Saturday, July 14, 2012

Six Simple Rules for Secure Storage of Passwords

A few weeks ago, password files from LinkedIn, Last.fm, and eHarmony were released by crackers. Yesterday it was Yahoo and today it's nVidia and Billabong, an Australian clothing retailer. The Yahoo and maybe Billabong passwords were stored as plain text, a particularly egregious mistake.

In (a tiny bit of) defense of the yahoos at Yahoo, the file that was stolen and released came from a system not developed at Yahoo. Yahoo bought Associated Content and renamed it Yahoo Voices. Apparently no one at Yahoo thought to do a security audit of the systems they acquired when they bought Associated Content.

Unhappily for over 400,000 people, Associated Content and later Yahoo used email addresses for user IDs.  Other organizations do this too.  All the time.  In at least some cases, it is likely that the hapless subscriber used the same password for Yahoo as for the email account.  Oops!

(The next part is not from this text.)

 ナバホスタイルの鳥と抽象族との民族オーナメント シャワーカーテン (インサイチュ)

Securing passwords is not rocket science. Here are six simple rules for securing stored passwords. Toward the end, I'll give you a seventh rule that might have saved Yahoo's bacon even though they violated rules two through six and maybe rule one.
  1. Plain text passwords must be transmitted from user to host over an encrypted connection, e.g. SSL/TLS.
  2. No password will ever be stored in plain text; all passwords will be hashed. 
  3. The password hash will use a salt of non-trivial length, e.g. 128 bits. 
  4. Each password must have a different, random salt. 
  5. The hash function must be resistant to collision attacks. 
  6. The hash function must be computationally expensive and difficult to parallelize. 
Let's look at each one of these in turn.

Plain text passwords must be transmitted from user to host over an encrypted connection

This one ought to make sense right on its face.  If someone can install a network sniffer between a user's web browser and the the server they're trying to talk to, that someone can capture passwords unless they're encrypted.   I've never worried much about the garden variety hacker capturing passwords with a sniffer.  Unless they could get close either to my computer or the the server I want to talk to, it would be like drinking from a fire hose.  However, if the FBI, CIA, NSA, and/or Sheriff are after you, they can probably do it.  The same is likely to be true in certain other countries. Using an encrypted connection makes it much harder to snoop on passwords as they're sent to the server.

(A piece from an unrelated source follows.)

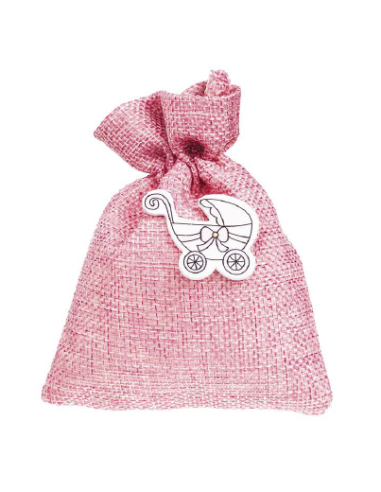 Rosa Tasche für gezuckerte Mandeln mit Kinderwagen 10x12 cm zur Taufe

No password will ever be stored in plain text; all passwords will be hashed

"Hashed" means  that when we set up the account for someone on our server, we transform the password into gibberish, or "hash."  To produce the hash, we want to use a function that cannot be undone.  So, given the hash value, there is no way to "decrypt" it to recover the original password.  If an attacker succeeds in capturing the password file, he or she still cannot undo the hash; the passwords are safe.  (Not.)

After an account is set up with the hashed password, when our user wants to log in, we just run the hash function using the password supplied with the login attempt.  If the result of hash function gives the same value that was stored when the account was set up, we believe that the password given matches that when the account was set up, and allow access. (But, see the section on collision resistance below.)

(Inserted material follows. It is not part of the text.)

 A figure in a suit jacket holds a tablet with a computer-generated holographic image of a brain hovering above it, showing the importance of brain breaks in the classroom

The password hash will use a salt of non-trivial length

Although you cannot undo a password hash to recover passwords from the hashed file,  it isn't really necessary to do so.  An attacker can take a large electronic dictionary plus a list of commonly used passwords and run the whole list through the hash function. The attacker now has a list of dictionary words and their hashes.  If a hash from the stolen password file matches a hash in the attacker's list, the attacker has determined the password, and done so without inverting (or "decrypting") the hash.  How does an attacker know which hash algorithm to use?  Kerckhoffs' Principle says that, to be secure, we must assume that an attacker knows the system.  A determined attacker can try many hash algorithms.  As soon as one produces a hit, the attacker knows that's the one in use.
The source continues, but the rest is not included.